- SOURCE DATA:
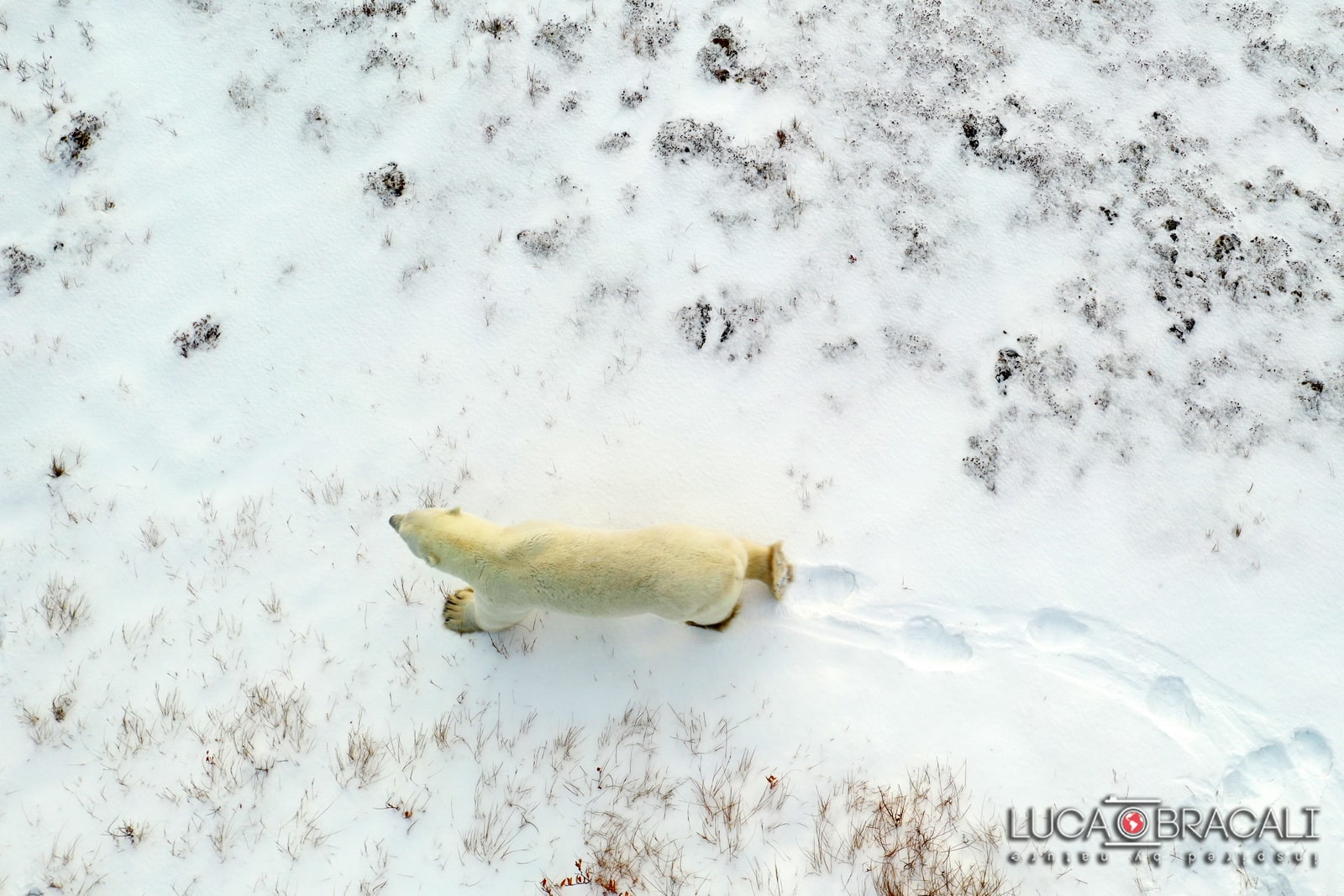 Viaggio fotografico Canada orsi polari 03-min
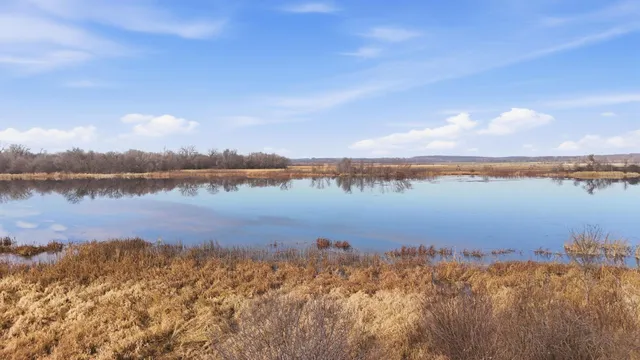 $989,900 | 1593 Pine Cone Road North, Sartell, MN 56377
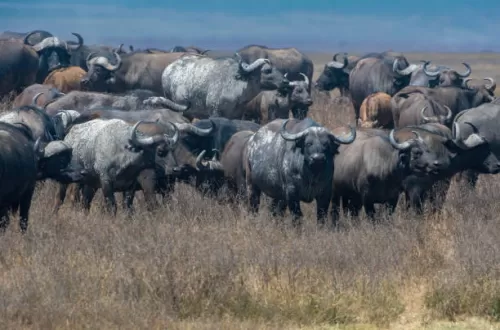 What is so special about the Ngorongoro Crater?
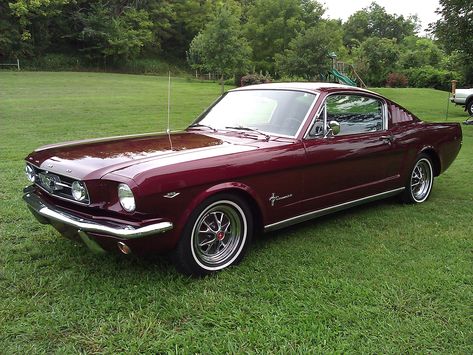 Classics 70s Mustang, Retro Mustang, 65 Ford Mustang, 65 Mustang Fastback, Old Mustang, Mustang 65, Red Mustang, Random Vintage, 65 Mustang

- TASK OBJECTIVE: A word-for-word copy of the lines from the start of the listing through the line containing "What is so special" is the answer. Pictures stay out of it.

- TASK OUTPUT:
 Viaggio fotografico Canada orsi polari 03-min
 $989,900 | 1593 Pine Cone Road North, Sartell, MN 56377
 What is so special about the Ngorongoro Crater?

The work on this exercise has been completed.